DATASET EXTRACT START

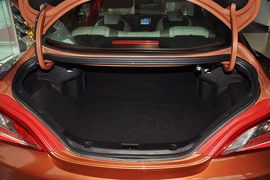 2012款现代劳恩斯酷派2.0T自动靓雅版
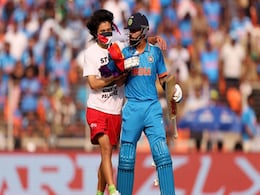 Ind vs Aus Final: बीच मैच में सुरक्षा घेरा तोड़ विराट कोहली के पास जा पहुंचा एक शख्स, तस्वीरें हो रही वायरल Ind vs Aus Final: बीच मैच में सुरक्षा घेरा तोड़ विराट कोहली के पास जा पहुंचा एक शख्स, तस्वीरें हो रही वायरल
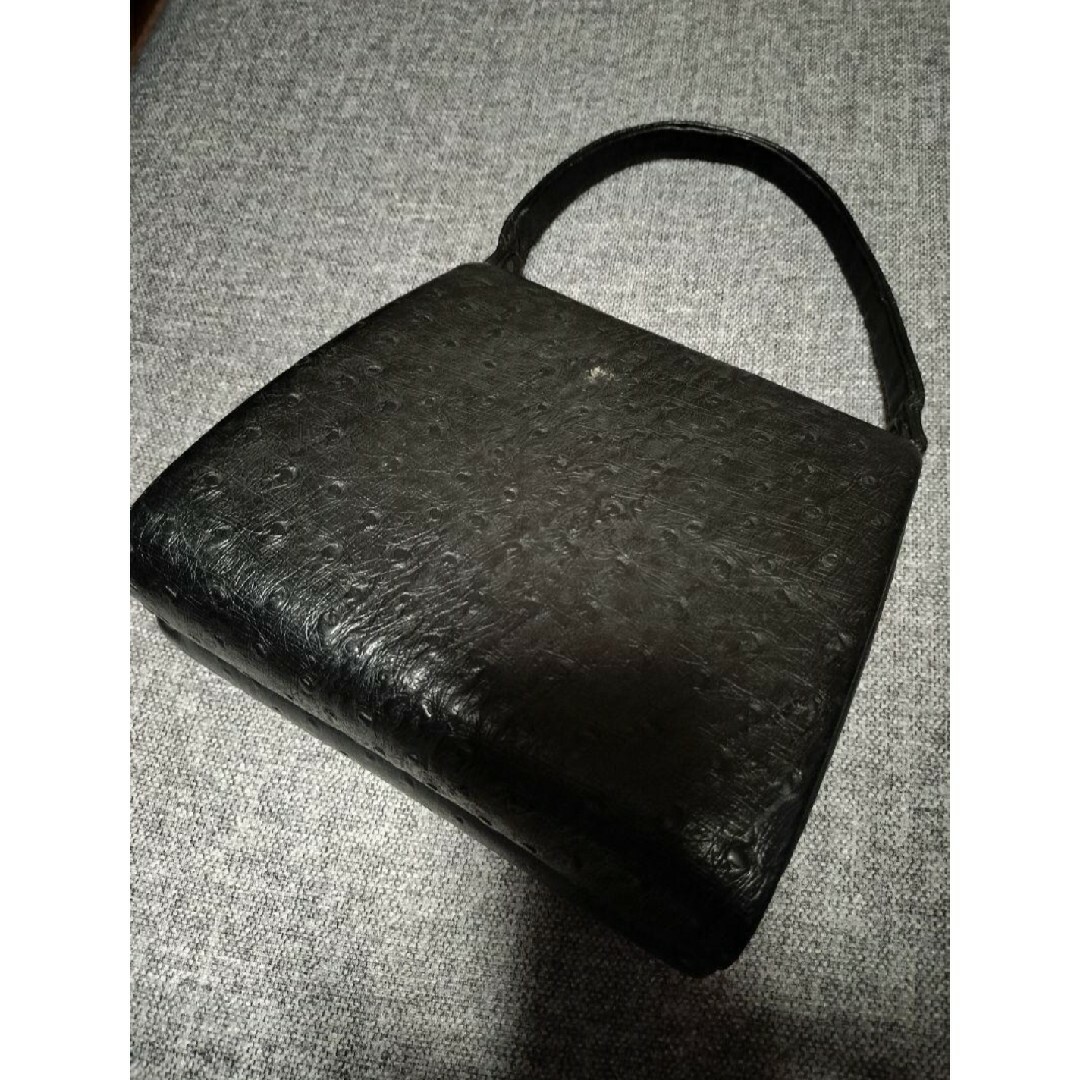 【本革オーストリッチ】 ハンドバッグ ブラック レディースのバッグ(ハンドバッグ)の商品写真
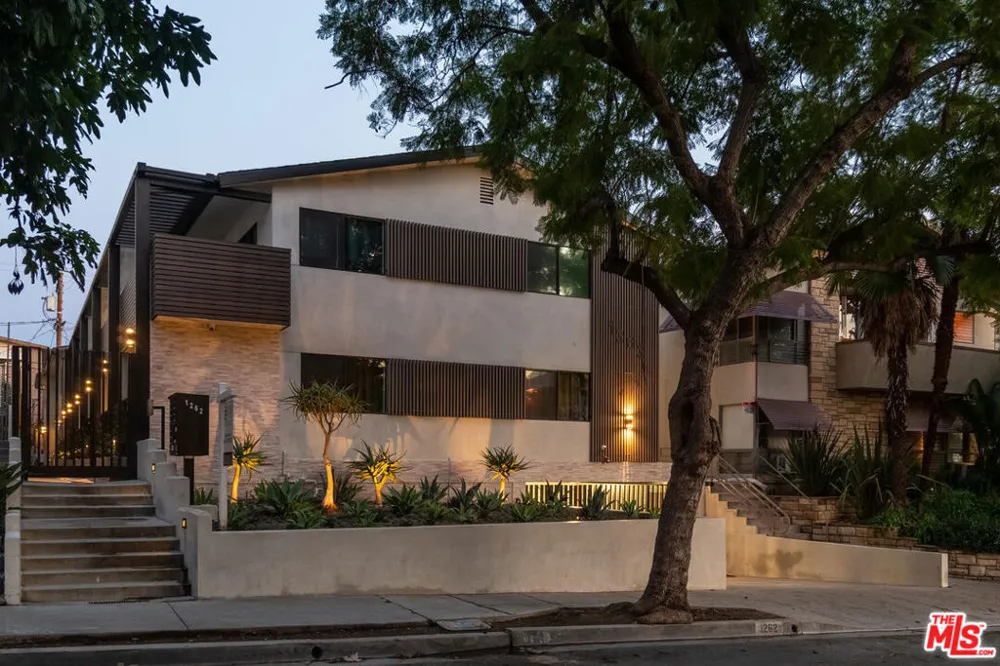 1262 Sweetzer Avenue #109 West Hollywood, CA 90069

DATASET EXTRACT END

### EXERCISE
Return the whole listing word for word. Pictures stay out of it.

### EXERCISE ANSWER
 2012款现代劳恩斯酷派2.0T自动靓雅版
 Ind vs Aus Final: बीच मैच में सुरक्षा घेरा तोड़ विराट कोहली के पास जा पहुंचा एक शख्स, तस्वीरें हो रही वायरल Ind vs Aus Final: बीच मैच में सुरक्षा घेरा तोड़ विराट कोहली के पास जा पहुंचा एक शख्स, तस्वीरें हो रही वायरल
 【本革オーストリッチ】 ハンドバッグ ブラック レディースのバッグ(ハンドバッグ)の商品写真
 1262 Sweetzer Avenue #109 West Hollywood, CA 90069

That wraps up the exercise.